I’ve been reading Howard Zinn’s “A People’s History of the United States,” which is from the viewpoint of the “conquered,” the working class, etc. I’m currently taking a class on the history of Native Americans/American Indians/First Nations. I walked with my son through Harlem during the Million Youth March in 1998, which drew far fewer than a million, but still, it was powerful. I’ve visited slums in India. I’ve been to some pretty elegant mansions in the US. I’ve studied different religions. I know people with super high IQs and others who weren’t born that way. I know a lady who won the Boston Marathon in her age group. And I know a man who won gold in a Special Olympics state meet. I’ve held my infants in my arms…and I held my dad’s hand as he took his last breath.

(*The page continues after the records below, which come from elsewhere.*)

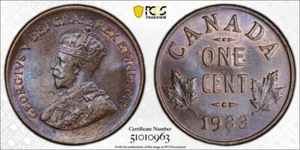 1933 Canada Small Cent PCGS MS65BN Lot#G118 Gem BU! Beautiful Toning! - Picture 1 of 4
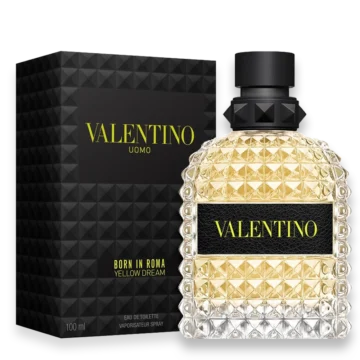 Valentino Uomo Born in Roma Yellow Dream with lemon, bergamot, and woody notes creating a fresh, vibrant, and modern masculine fragrance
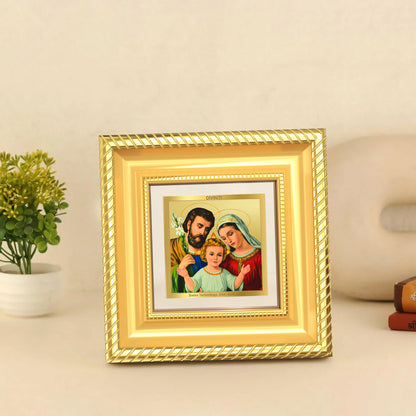 Diviniti Holy Family Tabletop Photo Frame in 24K Gold Plated Foil | Love, Unity & Divine Grace | DG015S1A (10x10 CM)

The older I get, the more panoramic I get. I used to think everyone saw the world as I see it. As Anais Nin once said, “We don’t see things as they are, we see them as we are.”
Which begs the question. Who among us has a corner on the market? THE human vantage point that “trumps” all the others?
Not one of us.
Yet we have some choice. We can choose our religion, the “God vantage point”/faith journey that makes the most sense to us. We can choose our attitude. We can choose to be magnanimous in our dealings with each other (or not).
I just want to challenge each of us to walk a mile in each other’s moccasins before we judge. And yeah, “us” starts with me.